Instructions to follow — Copy all lines below exactly as written. Leave pictures out.

Material provided —

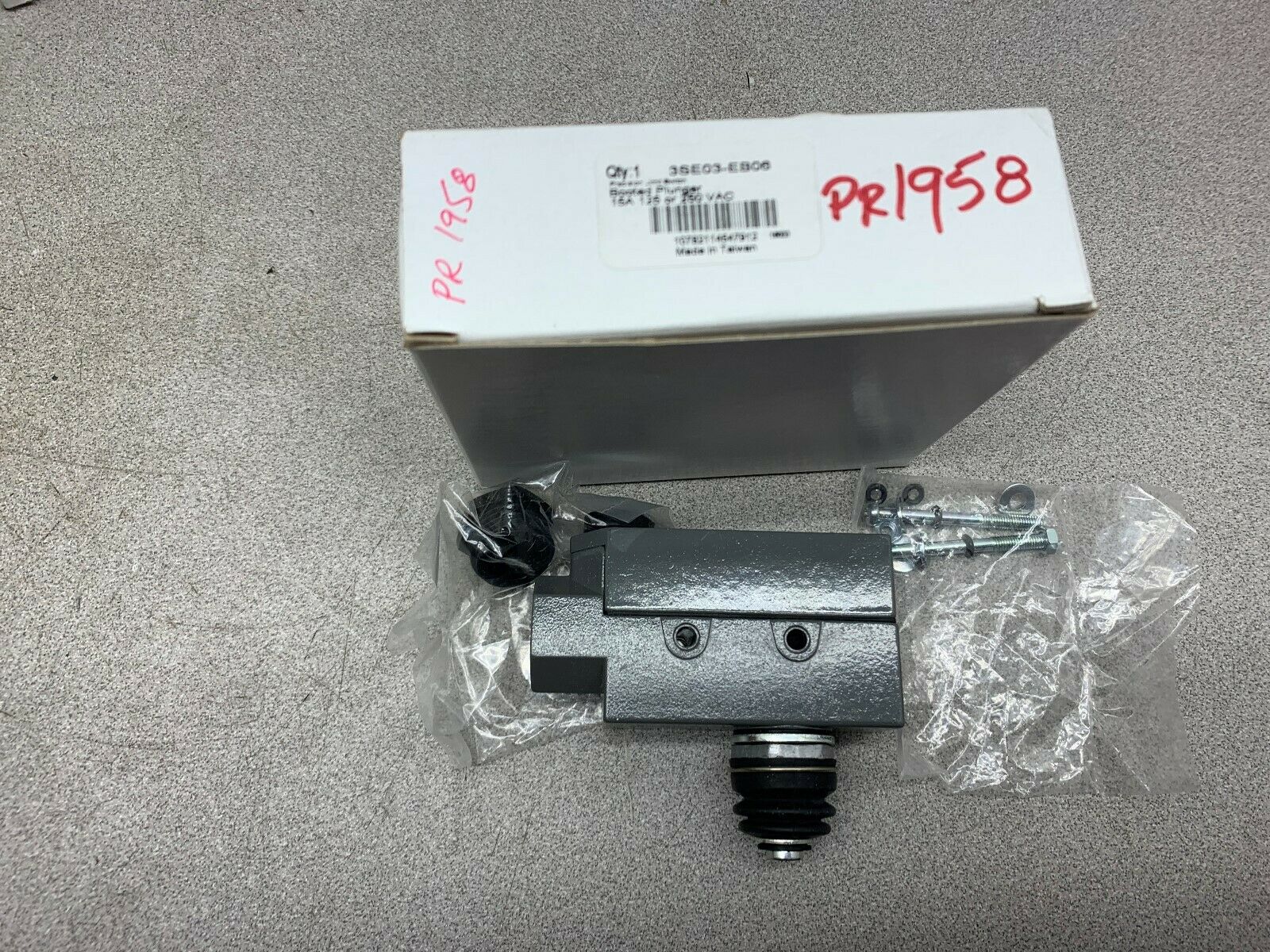 NEW IN BOX SIEMENS ACTUATOR 3SE03-EB06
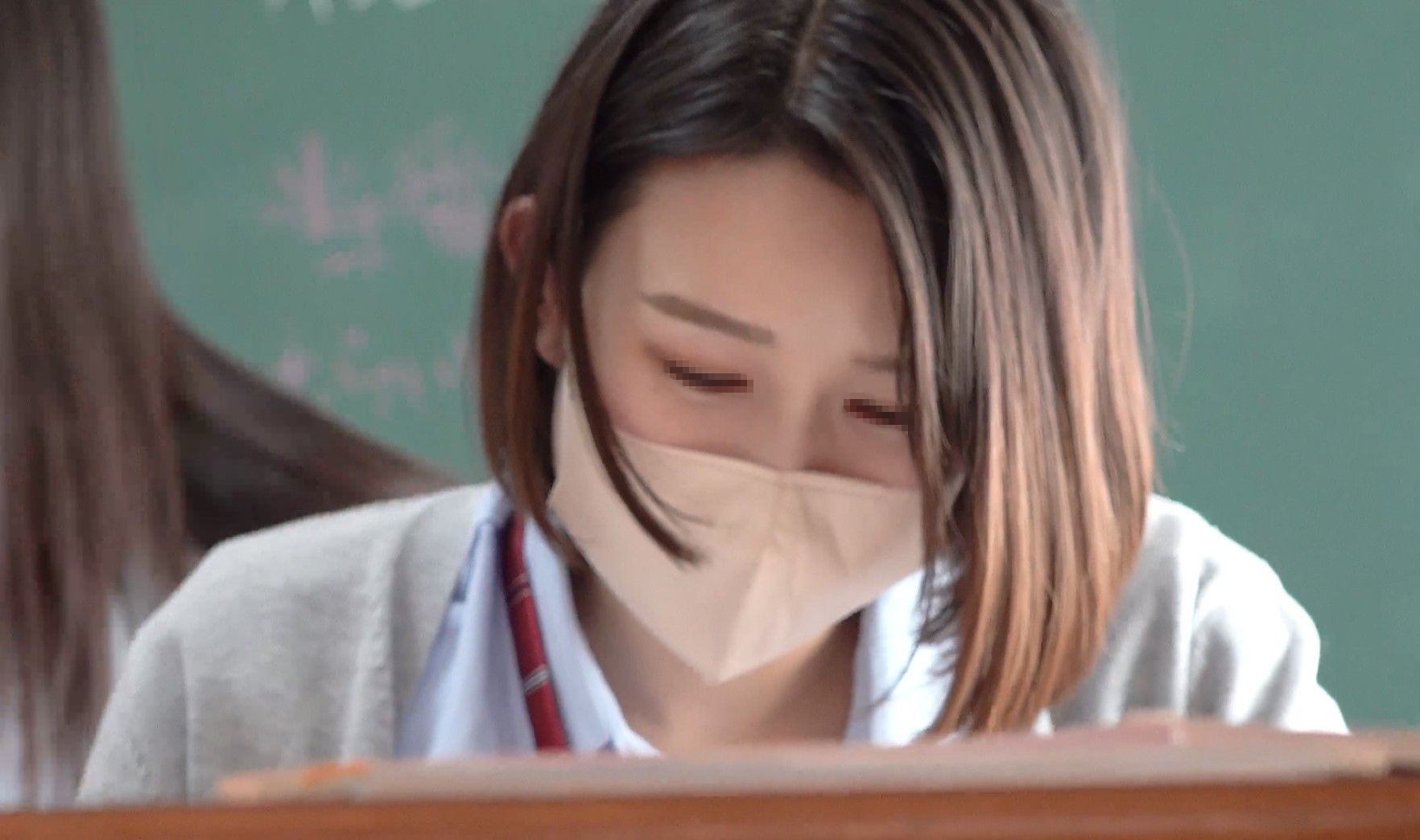 21男子は全員見てました 椅子にひっかかったスカートでパンツ丸見えハプ †終焉の鉤† 教室パンチラ 階段パンチラ 逆さ盗撮 女子高生制服パンチラ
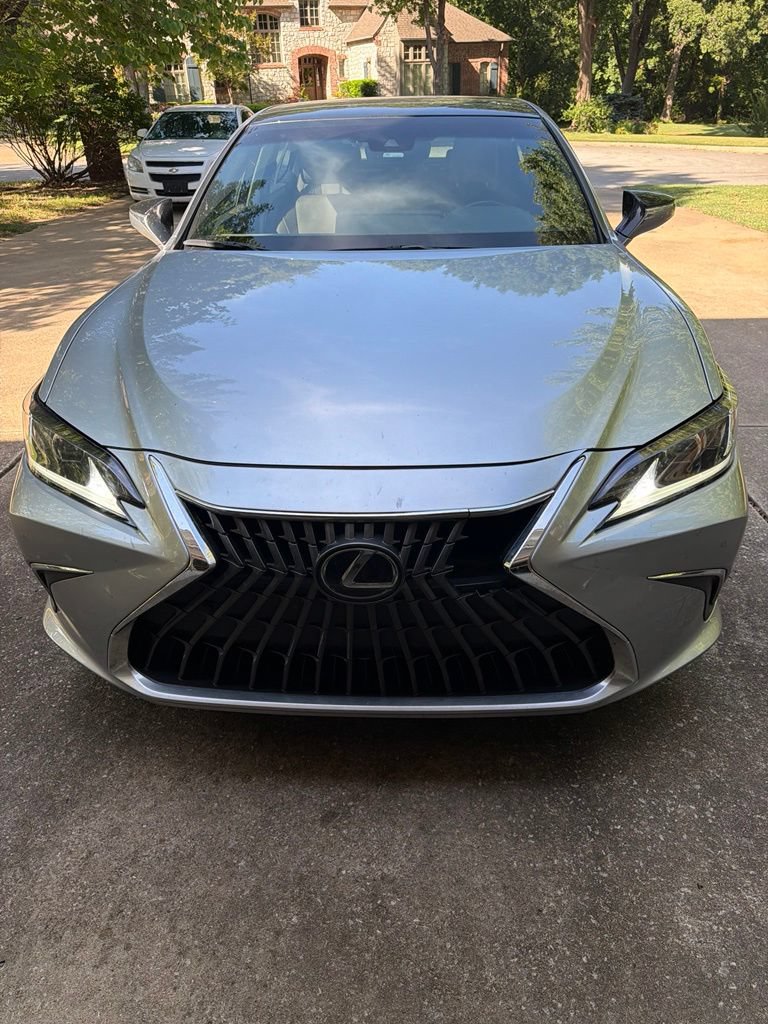 Certified 2024 Lexus ES 350 w/ Premium Package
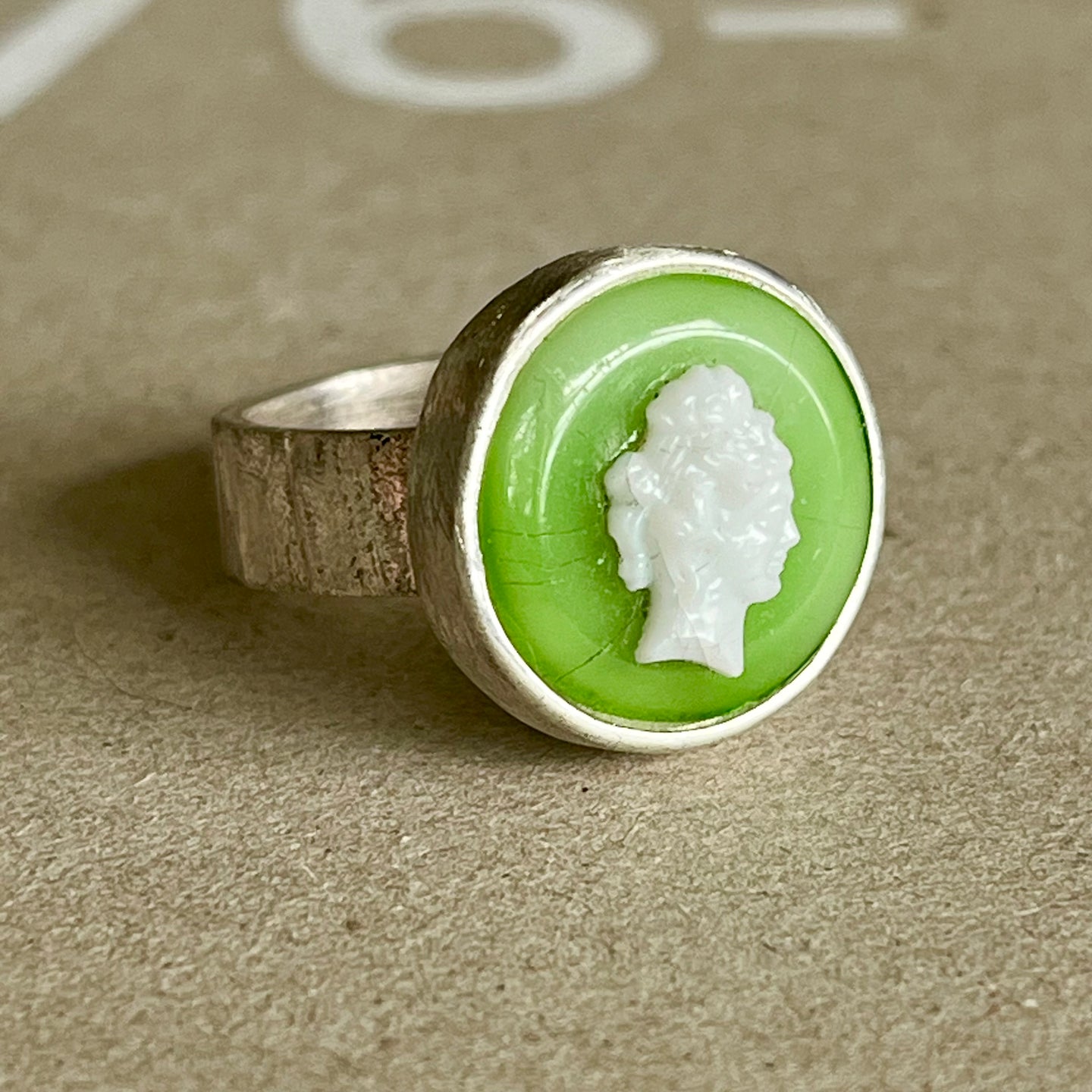 anillo camafeo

Answer to the exercise —
 NEW IN BOX SIEMENS ACTUATOR 3SE03-EB06
 21男子は全員見てました 椅子にひっかかったスカートでパンツ丸見えハプ †終焉の鉤† 教室パンチラ 階段パンチラ 逆さ盗撮 女子高生制服パンチラ
 Certified 2024 Lexus ES 350 w/ Premium Package
 anillo camafeo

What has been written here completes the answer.